|
|
Onlar doktorların sevimli yardımcıları
Türkiye'de hem hippoterapi (atla terapi), hem de yunuslarla terapi konusunda ciddi adımlar atılıyor. Antalya'da birkaç merkez açıldı bile.
Yunuslar, atlar ve köpekler... Bu sevimli ve sadık dostlarımız aynı zamanda doktorumuz, psikoloğumuz ve terapistimiz olabiliyor. Dünyada çok yaygın olan bu terapiler, ülkemizde yeni yeni tanınıyor. Özellikle hipoterapi (atla terapi) uygulamaları dikkat çekiyor. Yunus terapisi konusunda da Antalya'da birkaç merkez hizmet vermeye başladı. Ancak pet hayvanlarının terapi konusunda kullanımı yok denilecek kadar az.
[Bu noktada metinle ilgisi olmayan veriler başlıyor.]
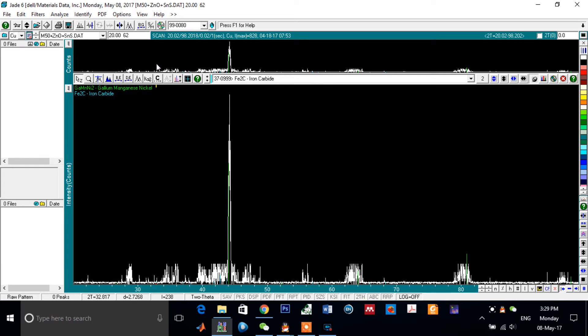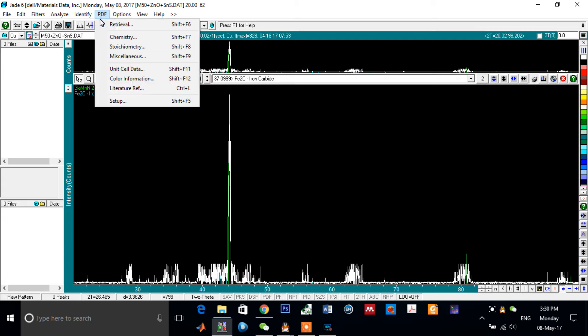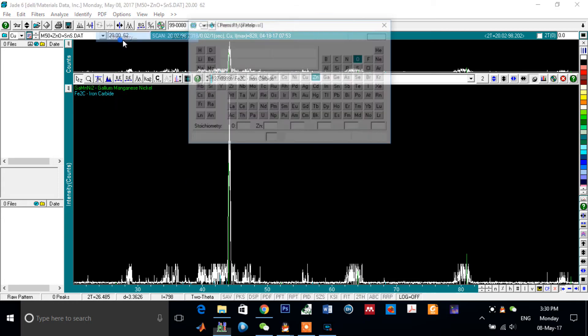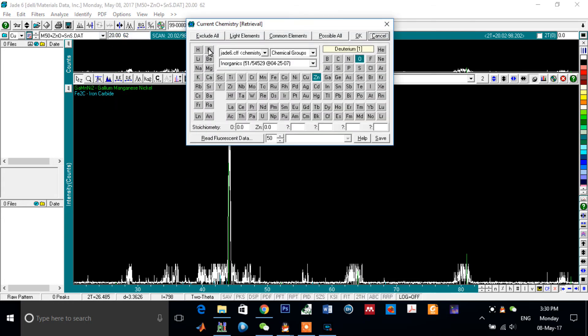And something more, in addition to that, if you want to search for specific chemical composition or specific formula, click on PDF, Chemistry. First of all, this window appears like that.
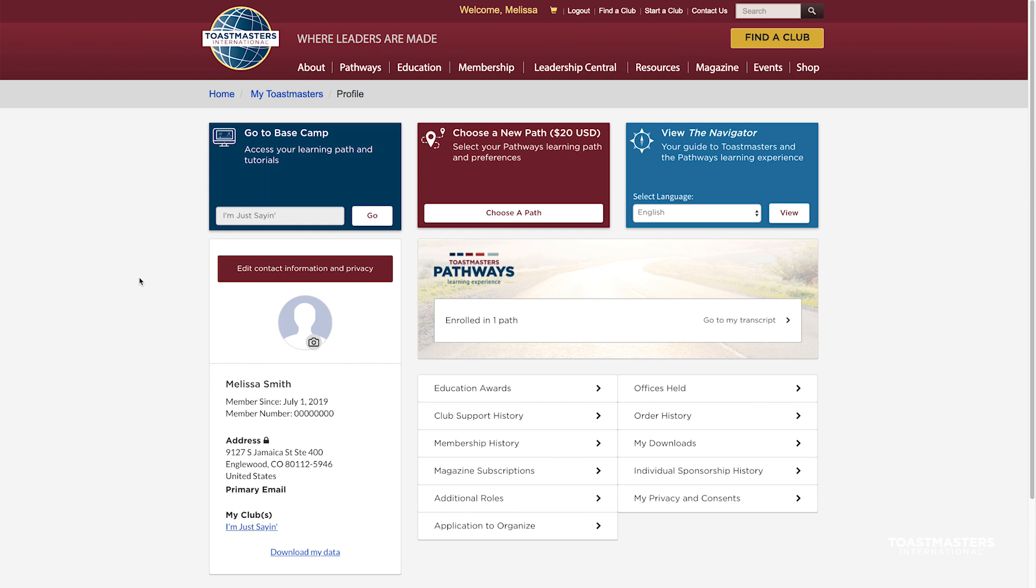We are excited to share that Basecamp has a new look, designed to help you find the things you need faster. Getting to Basecamp hasn't changed. Simply log in to your profile on www.toastmasters.org and click the Go to Basecamp button.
İNSANCIL BİR TEDAVİ ORTAMI İÇİN Öğrenme yeteneğinin artırılması, adaptasyon ve sosyalleşme, çeşitli psikiyatrik hastalıklar ve hatta AIDS hastaları için düzenlenen birçok terapi programında hayvanlar kullanılabiliyor. İstanbul Üniversitesi Veteriner Fakültesi İç Hastalıkları Anabilim Dalı Başkanı Prof. Dr. Tamer Dodurka, hayvanlarla rehabilitasyonun okul, hapishane, bakım ve huzurevi gibi yerlerde uygulanabileceğini söylüyor. Dodurka, bu uygulamaların 1792 yılında başladığını vurguluyor: "Ev hayvanlarının, psikiyatrik hastaların motivasyonunu yükselttiği; bir köşeye çekilmiş ve tedaviyi reddeden hastaların ilgisini çektiği ve terapiye katılımını artırmada yarar sağladığı gözlenmiştir. Amerika'da, şuurunu kaybedip cinayet işleyenlere hayvan terapi programı uygulanmıştır. Belli bir deneme periyodundan sonra, suçluların kafesteki kuşlara bakmalarına izin verilmiştir. Bu girişim, enstitüdeki şiddeti azaltmış, çalışanların dahi hastalarla ilgilenmesini artırmış ve hastaların terapiye cevap vermesini sağlamıştır. Bu tür tedavilerden beklenen en büyük etki, hastaneler, cezaevleri veya yaşlı bakım evlerinde daha insancıl bir tedavi ortamı yaratmaktır." 1966'da Norveç'te özürlüler için bir rehabilitasyon merkezi kurulduğunu söyleyen Dodurka, at ve köpeklerin, uygulanan tedavi rejimlerinin önemli unsurları olduğunun altını çiziyor: "Maalesef ülkemizde bu uygulamalar hemen hemen hiç yapılmamakta. Türkiye'de Sosyal Hizmetler Müdürlüğü veya birkaç ilgili araştırmacının dışında yapılan girişimler hemen hemen yok gibi. Bunun üzerine gidilmeli."